Data records:
_ _ _ _ _
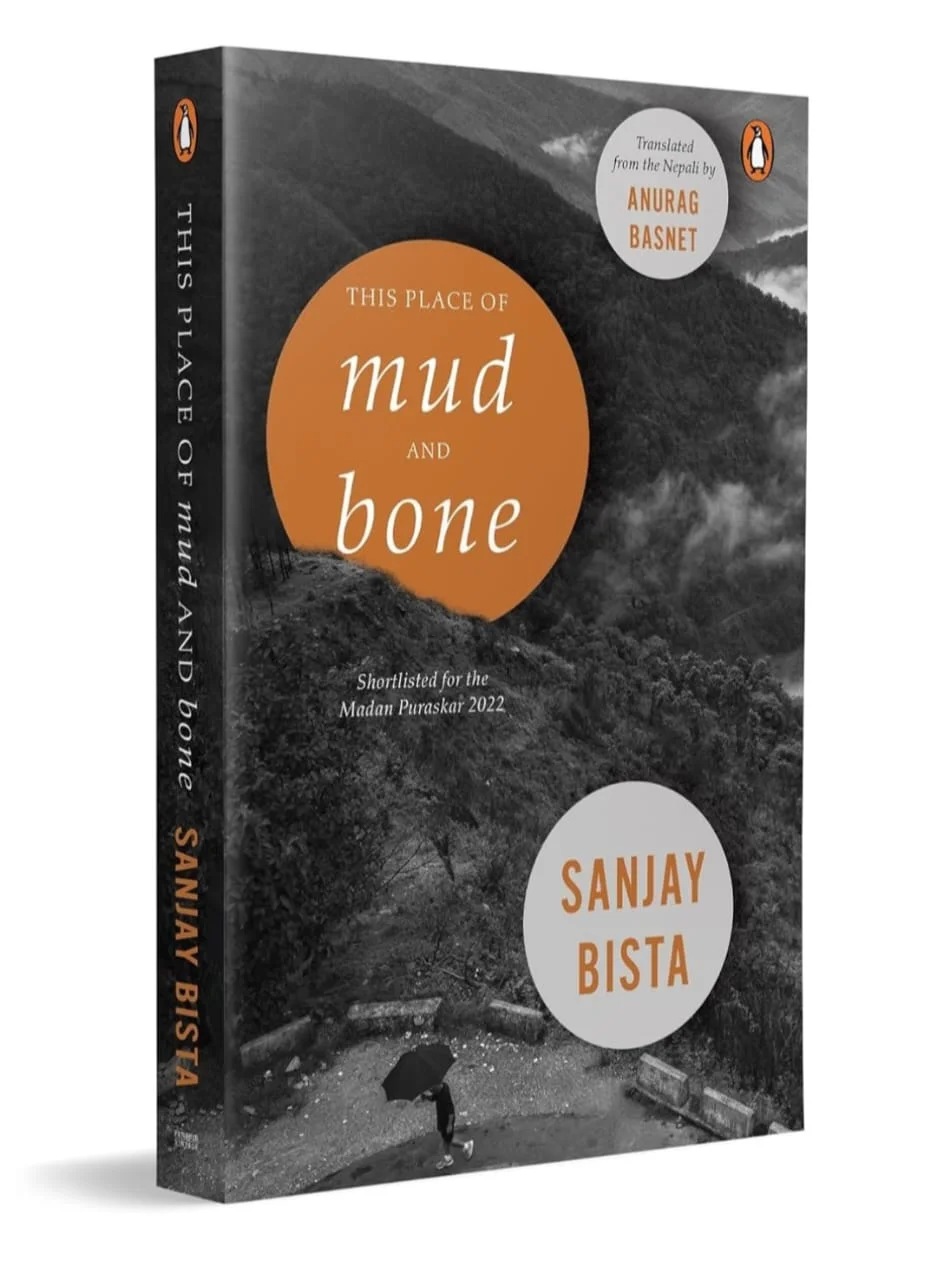 Sanjay Bista - This Place of Mud and Bone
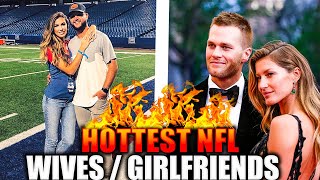 Top 20 Hottest NFL Wives & Girlfriends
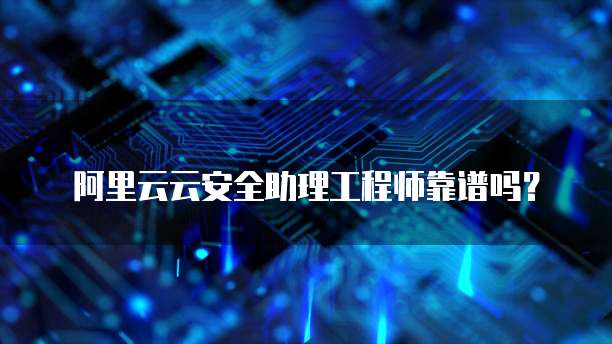 阿里云云安全助理工程师靠谱吗？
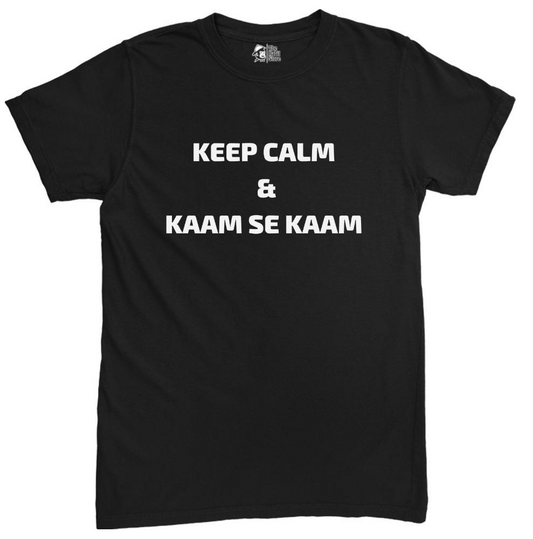 Keep Calm & Kaam se Kaam Black Unisex Round Neck Half Sleeve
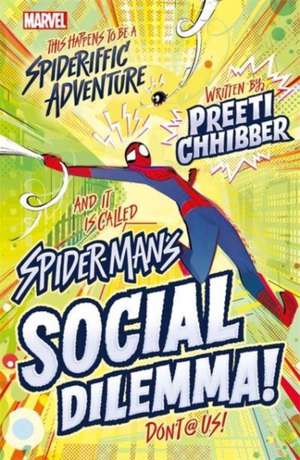 Marvel: Spider-Man's Social Dilemma! de Preeti Chhibber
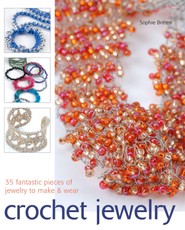 Crochet Jewelry: 35 Fantastic Pieces of Jewelry to Make & Wear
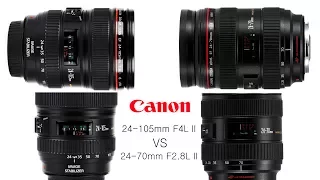 Canon lens [EF 24-105mm F4L ll VS EF 24-70mm F2.8L ll ]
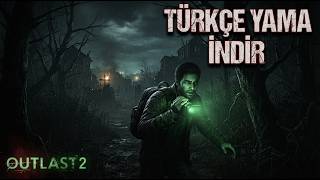 Outlast 2 Türkçe Yama Epic Games Steam 2026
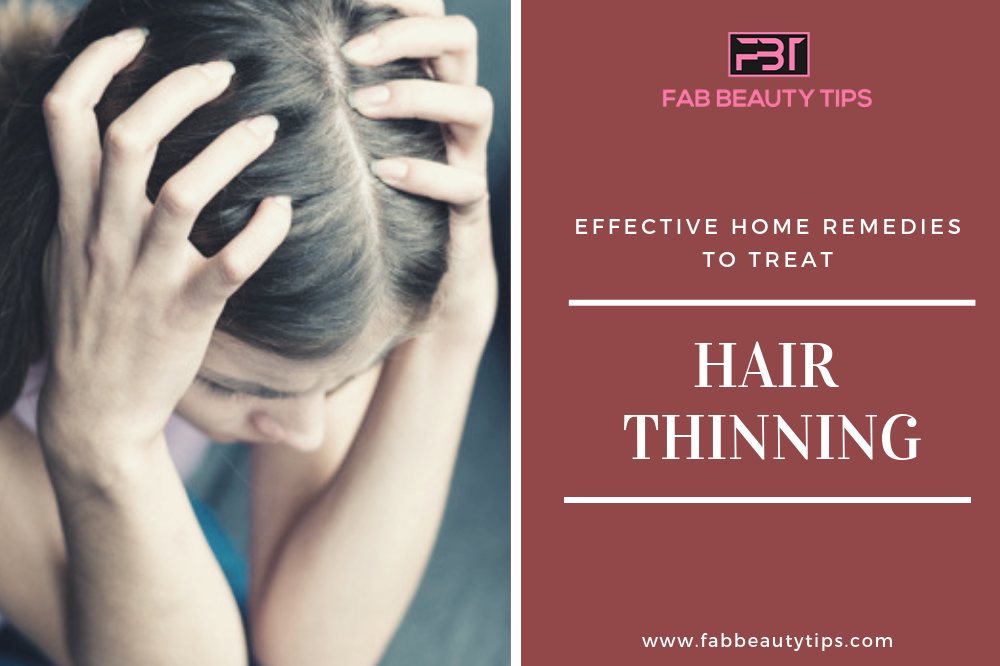 Hair Thinning, home remedies to treat hair thinning, thinning hair, Treat Hair Thinning
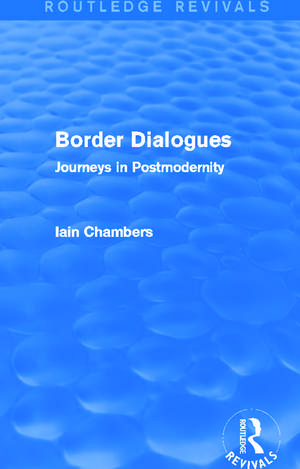 Border Dialogues (Routledge Revivals): Journeys in Postmodernity de Iain Chambers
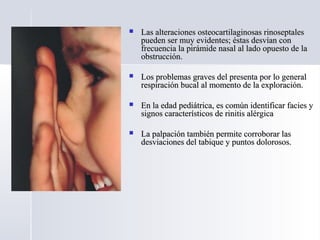  Las alteraciones osteocartilaginosas rinoseptalesLas alteraciones osteocartilaginosas rinoseptales
pueden ser muy evidentes; éstas desvían conpueden ser muy evidentes; éstas desvían con
frecuencia la pirámide nasal al lado opuesto de lafrecuencia la pirámide nasal al lado opuesto de la
obstrucción.obstrucción.
 Los problemas graves del presenta por lo generalLos problemas graves del presenta por lo general
respiración bucal al momento de la exploración.respiración bucal al momento de la exploración.
 En la edad pediátrica, es común identificar facies yEn la edad pediátrica, es común identificar facies y
signos característicos de rinitis alérgicasignos característicos de rinitis alérgica
 La palpación también permite corroborar lasLa palpación también permite corroborar las
desviaciones del tabique y puntos dolorosos.desviaciones del tabique y puntos dolorosos.
 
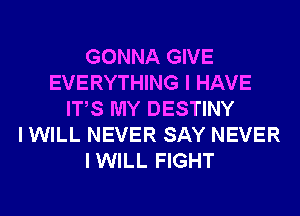 GONNA GIVE
EVERYTHING I HAVE
ITS MY DESTINY
I WILL NEVER SAY NEVER
IWILL FIGHT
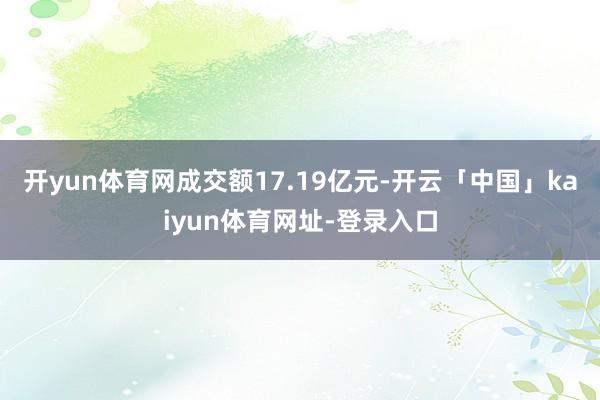 开yun体育网成交额17.19亿元-开云「中国」kaiyun体育网址-登录入口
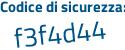 Il Codice di sicurezza è 445deZ7 il tutto attaccato senza spazi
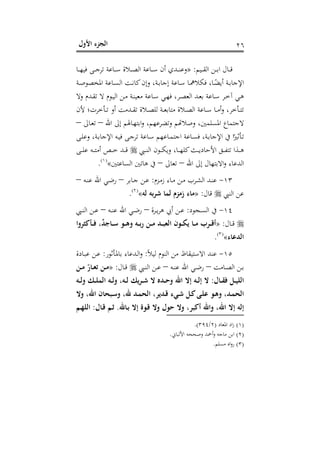 ‫اﻷول‬ ‫اﻟﺠﺰء‬ ٢٦
‫ـﻴﻢ‬‫ـ‬‫ـ‬‫ﻘ‬‫اﻟ‬ ‫ـﻦ‬‫ـ‬‫ـ‬‫ﺑ‬‫ا‬ ‫ـﺎل‬‫ـ‬‫ـ‬‫ﻗ‬:»‫ـﺎ‬‫ـ‬‫ـ‬‫ﻬ‬‫ﻓﻴ‬ ‫ـﻰ‬‫ـ‬‫ـ‬‫ﺟ‬‫ﺗﺮ‬ ‫ـﺎﻋﺔ‬‫ـ‬‫ـ‬‫ﺳ‬ ‫ـﻼة‬‫ـ‬‫ـ‬‫ﺼ‬‫اﻟ‬ ‫ـﺎﻋﺔ‬‫ـ‬‫ـ‬‫ﺳ‬ ‫أن‬ ‫ـﺪي‬‫ـ‬‫ـ‬‫ﻨ‬‫وﻋ‬
‫ـﺔ‬‫ـ‬‫ﺻ‬‫اﳌﺨﺼﻮ‬ ‫ـﺎﻋﺔ‬‫ـ‬‫ﺴ‬‫اﻟ‬ ‫ـﺖ‬‫ـ‬‫ﻧ‬‫ﻛﺎ‬‫وإن‬ ،‫ـﺔ‬‫ـ‬‫ﺑ‬‫إﺟﺎ‬ ‫ـﺎﻋﺔ‬‫ـ‬‫ﺳ‬ ‫ـﺎ‬‫ـ‬‫ﳘ‬‫ﻓﻜﻼ‬ ،‫ـﺎ‬‫ـ‬ً‫أﻳﻀ‬ ‫ـﺔ‬‫ـ‬‫ﺑ‬‫اﻹﺟﺎ‬
‫وﻻ‬ ‫ـﺪم‬‫ـ‬‫ﻘ‬‫ﺗ‬ ‫ﻻ‬ ‫ـﻮم‬‫ـ‬‫ﻴ‬‫اﻟ‬ ‫ـﻦ‬‫ـ‬‫ﻣ‬ ‫ـﺔ‬‫ـ‬‫ﻨ‬‫ﻣﻌﻴ‬ ‫ـﺎﻋﺔ‬‫ـ‬‫ﺳ‬ ‫ـﻲ‬‫ـ‬‫ﻬ‬‫ﻓ‬ ،‫ـﺮ‬‫ـ‬‫ﺼ‬‫اﻟﻌ‬ ‫ـﺪ‬‫ـ‬‫ﻌ‬‫ﺑ‬ ‫ـﺎﻋﺔ‬‫ـ‬‫ﺳ‬ ‫ـﺮ‬‫ـ‬‫ﺧ‬‫آ‬ ‫ـﻲ‬‫ـ‬‫ﻫ‬
‫ﻣ‬ ‫ـﻼة‬‫ـ‬‫ـ‬‫ﺼ‬‫اﻟ‬ ‫ـﺎﻋﺔ‬‫ـ‬‫ـ‬‫ﺳ‬ ‫ـﺎ‬‫ـ‬‫ـ‬‫ﻣ‬‫أ‬‫و‬ ،‫ـﺄﺧﺮ‬‫ـ‬‫ـ‬‫ﺘ‬‫ﺗ‬‫ﻷن‬ ‫ـﺄﺧﺮت؛‬‫ـ‬‫ـ‬‫ﺗ‬ ‫أو‬ ‫ـﺪﻣﺖ‬‫ـ‬‫ـ‬‫ﻘ‬‫ﺗ‬ ‫ـﻼة‬‫ـ‬‫ـ‬‫ﺼ‬‫ﻟﻠ‬ ‫ـﺔ‬‫ـ‬‫ـ‬‫ﻌ‬‫ﺘﺎﺑ‬
‫اﷲ‬ ‫إﱃ‬ ‫ـﺎﳍﻢ‬‫ﻬ‬‫اﺑﺘ‬‫و‬ ،‫وﺗﻀﺮﻋﻬﻢ‬ ‫ﺟﺘﻤﺎع اﳌﺴﻠﻤﲔ، وﺻﻼﻬﺗﻢ‬–‫ـﺎﱃ‬‫ﻌ‬‫ﺗ‬–
‫ـﻰ‬‫ـ‬‫ﻠ‬‫وﻋ‬ ،‫ـﺔ‬‫ـ‬‫ﺑ‬‫اﻹﺟﺎ‬ ‫ـﻪ‬‫ـ‬‫ﻴ‬‫ﻓ‬ ‫ـﻰ‬‫ـ‬‫ﺟ‬‫ﺗﺮ‬ ‫ـﺎﻋﺔ‬‫ـ‬‫ﺳ‬ ‫ـﺎﻋﻬﻢ‬‫ـ‬‫ﻤ‬‫اﺟﺘ‬ ‫ـﺎﻋﺔ‬‫ـ‬‫ﺴ‬‫ﻓ‬ ،‫ـﺔ‬‫ـ‬‫ﺑ‬‫اﻹﺟﺎ‬ ‫ﰲ‬ ‫ا‬ً‫ـﺄﺛﲑ‬‫ـ‬‫ﺗ‬
‫ـﱯ‬‫ـ‬‫ـ‬‫ـ‬‫ﻨ‬‫اﻟ‬ ‫ـﻮن‬‫ـ‬‫ـ‬‫ـ‬‫ﻜ‬‫وﻳ‬ ،‫ـﺎ‬‫ـ‬‫ـ‬‫ـ‬‫ﻬ‬‫ﻛﻠ‬‫ـﺚ‬‫ـ‬‫ـ‬‫ـ‬‫ﻳ‬‫اﻷﺣﺎد‬ ‫ـﻖ‬‫ـ‬‫ـ‬‫ـ‬‫ﻔ‬‫ﺗﺘ‬ ‫ـﺬا‬‫ـ‬‫ـ‬‫ـ‬‫ﻫ‬‫ـﻰ‬‫ـ‬‫ـ‬‫ـ‬‫ﻠ‬‫ﻋ‬ ‫ـﻪ‬‫ـ‬‫ـ‬‫ـ‬‫ﺘ‬‫أﻣ‬ ‫ـﺺ‬‫ـ‬‫ـ‬‫ـ‬‫ﺧ‬ ‫ـﺪ‬‫ـ‬‫ـ‬‫ـ‬‫ﻗ‬
‫اﷲ‬ ‫إﱃ‬ ‫اﻻﺑﺘﻬﺎل‬‫و‬ ‫اﻟﺪﻋﺎء‬–‫ﺗﻌﺎﱃ‬–‫ﻫﺎﺗﲔ‬ ‫ﰲ‬‫اﻟﺴﺎﻋﺘﲔ‬«P
)
45F
١(
P.
١٣-‫ـﺰم‬‫ـ‬‫ﻣ‬‫ز‬ ‫ـﺎء‬‫ـ‬‫ﻣ‬ ‫ـﻦ‬‫ـ‬‫ﻣ‬ ‫ـﺮب‬‫ـ‬‫ﺸ‬‫اﻟ‬ ‫ـﺪ‬‫ـ‬‫ﻨ‬‫ﻋ‬:‫ـﺎﺑﺮ‬‫ـ‬‫ﺟ‬ ‫ـﻦ‬‫ـ‬‫ﻋ‬–‫ـﻪ‬‫ـ‬‫ﻨ‬‫ﻋ‬ ‫اﷲ‬ ‫ـﻲ‬‫ـ‬‫ﺿ‬‫ر‬–
‫اﻟﻨﱯ‬ ‫ﻋﻦ‬‫ﻗﺎل‬:»‫ﻟﻪ‬ ‫ﺷﺮﺑﻪ‬ ‫ﻟﻤﺎ‬ ‫زﻣﺰم‬ ‫ﻣﺎء‬«P
)
46F
٢(
P.
١٤-‫ـﺠﻮد‬‫ـ‬‫ﺴ‬‫اﻟ‬ ‫ﰲ‬:‫ـﺮة‬‫ـ‬‫ﻳ‬‫ﺮ‬‫ﻫ‬ ‫أﰊ‬ ‫ـﻦ‬‫ـ‬‫ﻋ‬–‫ـﻪ‬‫ـ‬‫ﻨ‬‫ﻋ‬ ‫اﷲ‬ ‫ـﻲ‬‫ـ‬‫ﺿ‬‫ر‬–‫ـﱯ‬‫ـ‬‫ﻨ‬‫اﻟ‬ ‫ـﻦ‬‫ـ‬‫ﻋ‬
‫ـﺎل‬‫ـ‬‫ـ‬‫ﻗ‬:»‫ـﺄﻛﺜﺮوا‬‫ـ‬‫ـ‬‫ﻓ‬ ،ٌ‫ﺪ‬‫ـﺎﺟ‬‫ـ‬‫ـ‬‫ﺳ‬ ‫ـﻮ‬‫ـ‬‫ـ‬‫ﻫ‬‫و‬ ‫ـﻪ‬‫ـ‬‫ـ‬‫ﺑ‬‫ر‬ ‫ـﻦ‬‫ـ‬‫ـ‬‫ﻣ‬ ‫ـﺪ‬‫ـ‬‫ـ‬‫ﺒ‬‫اﻟﻌ‬ ‫ـﻮن‬‫ـ‬‫ـ‬‫ﻜ‬‫ﻳ‬ ‫ـﺎ‬‫ـ‬‫ـ‬‫ﻣ‬ ‫ـﺮب‬‫ـ‬‫ـ‬‫ﻗ‬‫أ‬
‫اﻟﺪﻋﺎء‬«P
)
47F
٣(
P.
١٥-‫اﻟﻨﻮم‬ ‫ﻣﻦ‬ ‫اﻻﺳﺘﻴﻘﺎظ‬ ‫ﻋﻨﺪ‬ً‫ﻼ‬‫ﻟﻴ‬:‫ـﺄﺛﻮر‬‫ﳌ‬‫ﺑﺎ‬ ‫ـﺪﻋﺎء‬‫ﻟ‬‫ا‬‫و‬:‫ـﺎدة‬‫ﺒ‬‫ﻋ‬ ‫ـﻦ‬‫ﻋ‬
‫ـﺎﻣﺖ‬‫ـ‬‫ﺼ‬‫اﻟ‬ ‫ـﻦ‬‫ـ‬‫ﺑ‬–‫ـﻪ‬‫ـ‬‫ﻨ‬‫ﻋ‬ ‫اﷲ‬ ‫ـﻲ‬‫ـ‬‫ﺿ‬‫ر‬–‫ـﱯ‬‫ـ‬‫ﻨ‬‫اﻟ‬ ‫ـﻦ‬‫ـ‬‫ﻋ‬‫ـﺎل‬‫ـ‬‫ﻗ‬:»‫ـﻦ‬‫ـ‬‫ﻣ‬ ّ‫ـﺎر‬‫ـ‬‫ﻌ‬‫ﺗ‬ ‫ـﻦ‬‫ـ‬‫ﻣ‬
‫ـﺎل‬‫ـ‬‫ـ‬‫ﻘ‬‫ﻓ‬ ‫ـﻞ‬‫ـ‬‫ﻴ‬‫اﻟﻠ‬:‫ـﻪ‬‫ـ‬‫ـ‬‫ﻟ‬‫و‬ ‫ـﻚ‬‫ـ‬‫ـ‬‫ﻠ‬‫اﻟﻤ‬ ‫ـﻪ‬‫ـ‬‫ﻟ‬‫و‬ ،‫ـﻪ‬‫ـ‬‫ـ‬‫ﻟ‬ ‫ـﺮﻳﻚ‬‫ـ‬‫ـ‬‫ﺷ‬ ‫ﻻ‬ ‫ـﺪﻩ‬‫ـ‬‫ﺣ‬‫و‬ ‫اﷲ‬ ‫إﻻ‬ ‫ـﻪ‬‫ـ‬‫ـ‬‫ﻟ‬‫إ‬ ‫ﻻ‬
‫وﻻ‬ ،‫اﷲ‬ ‫ـﺒﺤﺎن‬‫ـ‬‫ﺳ‬‫و‬ ،‫ﷲ‬ ‫ـﺪ‬‫ﻤ‬‫اﻟﺤ‬ ،‫ـﺪﻳﺮ‬‫ﻗ‬ ‫ـﻲء‬‫ﺷ‬ ‫ـﻞ‬‫ـ‬‫ﻛ‬‫ـﻰ‬‫ﻠ‬‫ﻋ‬ ‫ـﻮ‬‫ﻫ‬‫و‬ ،‫ـﺪ‬‫ﻤ‬‫اﻟﺤ‬
‫ـﺎﷲ‬‫ﺑ‬ ‫إﻻ‬ ‫ـﻮة‬‫ﻗ‬ ‫وﻻ‬ ‫ﺣﻮل‬ ‫وﻻ‬ ،‫أﻛﺒﺮ‬ ‫واﷲ‬ ،‫اﷲ‬ ‫إﻻ‬ ‫إﻟﻪ‬.‫ـﺎل‬‫ﻗ‬ ‫ـﻢ‬‫ﺛ‬:‫ـﻢ‬‫ﻬ‬‫اﻟﻠ‬
)١(‫اﳌﻌﺎد‬ ‫اد‬‫ز‬)٢/٣٩٤.(
)٢(‫اﻷﻟﺒﺎﱐ‬ ‫وﺻﺤﺤﻪ‬ ‫أﲪﺪ‬‫و‬ ‫ﻣﺎﺟﻪ‬ ‫اﺑﻦ‬.
)٣(‫ﻣﺴﻠﻢ‬ ‫اﻩ‬‫و‬‫ر‬.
_ _ _ _ _
**EXERCISE INSTRUCTIONS**:
Search the lines above for the string "اﻹﺟﺎ", then show every one that has it.

**SOLUTION TO THE PROBLEM**:
‫ـﺔ‬‫ـ‬‫ﺻ‬‫اﳌﺨﺼﻮ‬ ‫ـﺎﻋﺔ‬‫ـ‬‫ﺴ‬‫اﻟ‬ ‫ـﺖ‬‫ـ‬‫ﻧ‬‫ﻛﺎ‬‫وإن‬ ،‫ـﺔ‬‫ـ‬‫ﺑ‬‫إﺟﺎ‬ ‫ـﺎﻋﺔ‬‫ـ‬‫ﺳ‬ ‫ـﺎ‬‫ـ‬‫ﳘ‬‫ﻓﻜﻼ‬ ،‫ـﺎ‬‫ـ‬ً‫أﻳﻀ‬ ‫ـﺔ‬‫ـ‬‫ﺑ‬‫اﻹﺟﺎ‬
‫ـﻰ‬‫ـ‬‫ﻠ‬‫وﻋ‬ ،‫ـﺔ‬‫ـ‬‫ﺑ‬‫اﻹﺟﺎ‬ ‫ـﻪ‬‫ـ‬‫ﻴ‬‫ﻓ‬ ‫ـﻰ‬‫ـ‬‫ﺟ‬‫ﺗﺮ‬ ‫ـﺎﻋﺔ‬‫ـ‬‫ﺳ‬ ‫ـﺎﻋﻬﻢ‬‫ـ‬‫ﻤ‬‫اﺟﺘ‬ ‫ـﺎﻋﺔ‬‫ـ‬‫ﺴ‬‫ﻓ‬ ،‫ـﺔ‬‫ـ‬‫ﺑ‬‫اﻹﺟﺎ‬ ‫ﰲ‬ ‫ا‬ً‫ـﺄﺛﲑ‬‫ـ‬‫ﺗ‬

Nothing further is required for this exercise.